Exercise prompt: Print the entries exactly as they appear, and omit any images.

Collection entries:
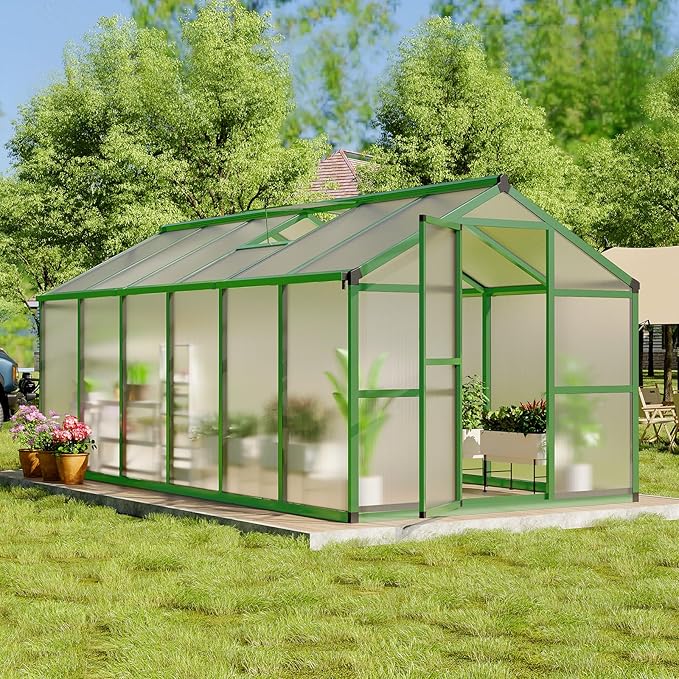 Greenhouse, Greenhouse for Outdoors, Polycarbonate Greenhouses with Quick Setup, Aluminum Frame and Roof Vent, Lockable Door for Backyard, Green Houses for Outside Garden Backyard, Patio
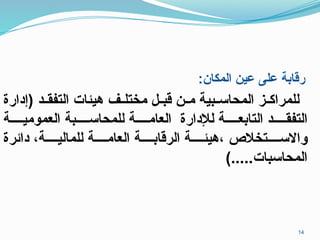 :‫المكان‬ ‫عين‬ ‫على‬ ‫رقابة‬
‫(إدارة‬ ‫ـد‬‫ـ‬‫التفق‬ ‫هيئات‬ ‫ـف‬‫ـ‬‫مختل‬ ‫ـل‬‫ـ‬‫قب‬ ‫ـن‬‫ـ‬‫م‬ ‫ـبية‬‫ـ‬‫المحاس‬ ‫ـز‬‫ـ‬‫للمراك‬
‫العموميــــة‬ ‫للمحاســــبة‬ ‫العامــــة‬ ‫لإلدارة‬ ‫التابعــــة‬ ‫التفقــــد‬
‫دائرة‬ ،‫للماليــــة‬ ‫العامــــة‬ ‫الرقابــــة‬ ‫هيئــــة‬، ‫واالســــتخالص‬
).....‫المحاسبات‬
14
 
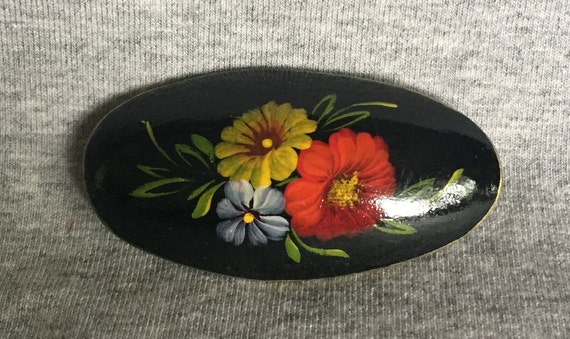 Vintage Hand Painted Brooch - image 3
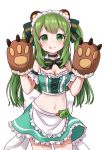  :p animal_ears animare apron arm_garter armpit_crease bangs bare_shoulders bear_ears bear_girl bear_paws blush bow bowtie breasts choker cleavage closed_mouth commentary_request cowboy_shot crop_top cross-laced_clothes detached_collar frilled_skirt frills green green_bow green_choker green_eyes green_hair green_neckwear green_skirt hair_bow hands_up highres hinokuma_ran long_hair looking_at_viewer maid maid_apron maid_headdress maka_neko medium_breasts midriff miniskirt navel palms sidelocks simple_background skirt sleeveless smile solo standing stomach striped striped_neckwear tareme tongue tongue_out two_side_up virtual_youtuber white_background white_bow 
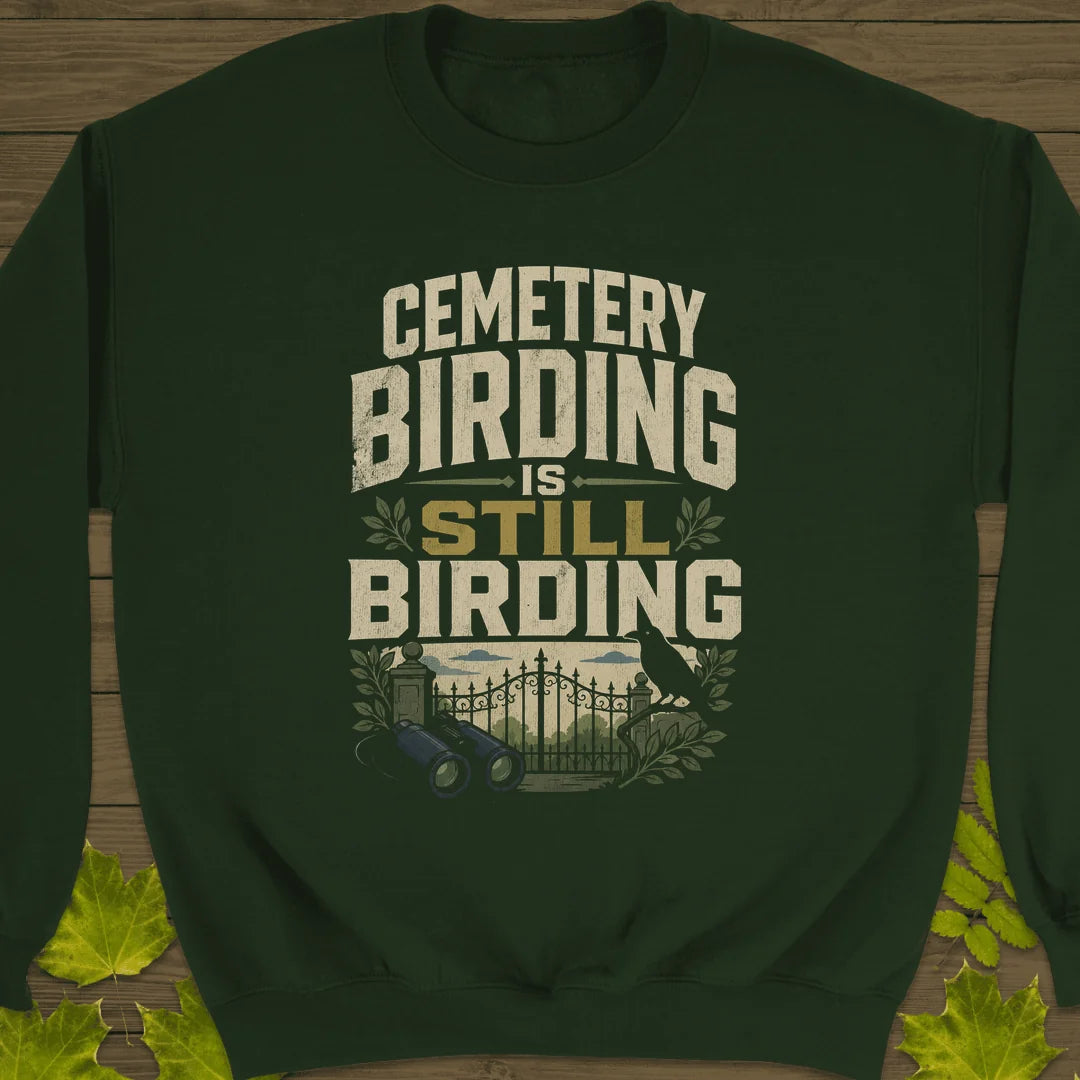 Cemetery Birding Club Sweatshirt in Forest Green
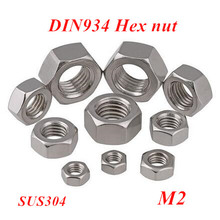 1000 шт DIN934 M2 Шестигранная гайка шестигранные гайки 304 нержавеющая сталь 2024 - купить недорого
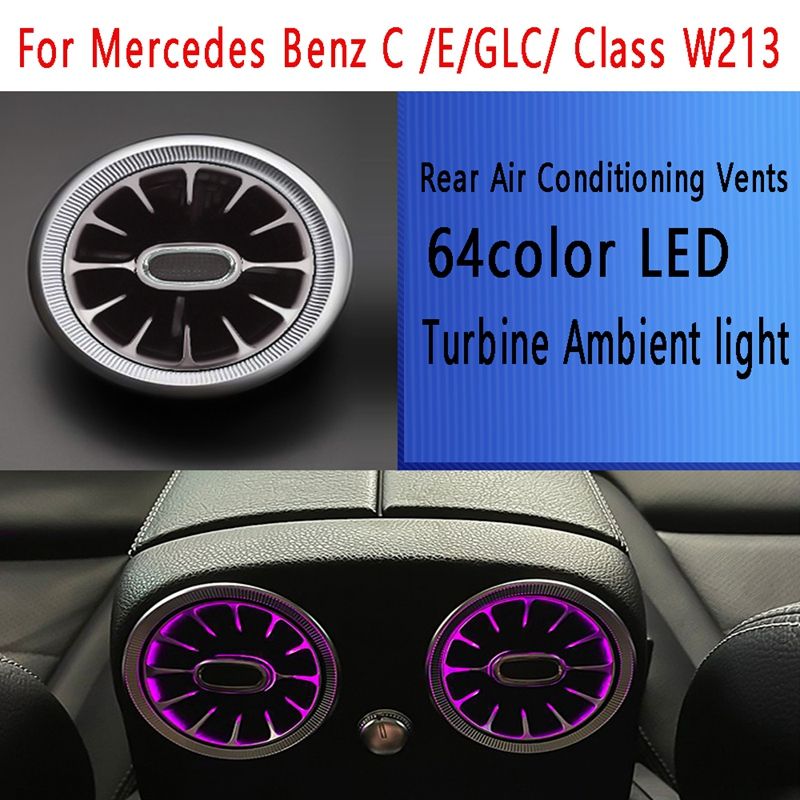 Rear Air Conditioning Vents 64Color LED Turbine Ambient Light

Response for this exercise:
 Greenhouse, Greenhouse for Outdoors, Polycarbonate Greenhouses with Quick Setup, Aluminum Frame and Roof Vent, Lockable Door for Backyard, Green Houses for Outside Garden Backyard, Patio
 :‫المكان‬ ‫عين‬ ‫على‬ ‫رقابة‬
‫(إدارة‬ ‫ـد‬‫ـ‬‫التفق‬ ‫هيئات‬ ‫ـف‬‫ـ‬‫مختل‬ ‫ـل‬‫ـ‬‫قب‬ ‫ـن‬‫ـ‬‫م‬ ‫ـبية‬‫ـ‬‫المحاس‬ ‫ـز‬‫ـ‬‫للمراك‬
‫العموميــــة‬ ‫للمحاســــبة‬ ‫العامــــة‬ ‫لإلدارة‬ ‫التابعــــة‬ ‫التفقــــد‬
‫دائرة‬ ،‫للماليــــة‬ ‫العامــــة‬ ‫الرقابــــة‬ ‫هيئــــة‬، ‫واالســــتخالص‬
).....‫المحاسبات‬
14
 
 Vintage Hand Painted Brooch - image 3
  :p animal_ears animare apron arm_garter armpit_crease bangs bare_shoulders bear_ears bear_girl bear_paws blush bow bowtie breasts choker cleavage closed_mouth commentary_request cowboy_shot crop_top cross-laced_clothes detached_collar frilled_skirt frills green green_bow green_choker green_eyes green_hair green_neckwear green_skirt hair_bow hands_up highres hinokuma_ran long_hair looking_at_viewer maid maid_apron maid_headdress maka_neko medium_breasts midriff miniskirt navel palms sidelocks simple_background skirt sleeveless smile solo standing stomach striped striped_neckwear tareme tongue tongue_out two_side_up virtual_youtuber white_background white_bow 
 Cemetery Birding Club Sweatshirt in Forest Green
 1000 шт DIN934 M2 Шестигранная гайка шестигранные гайки 304 нержавеющая сталь 2024 - купить недорого
 Rear Air Conditioning Vents 64Color LED Turbine Ambient Light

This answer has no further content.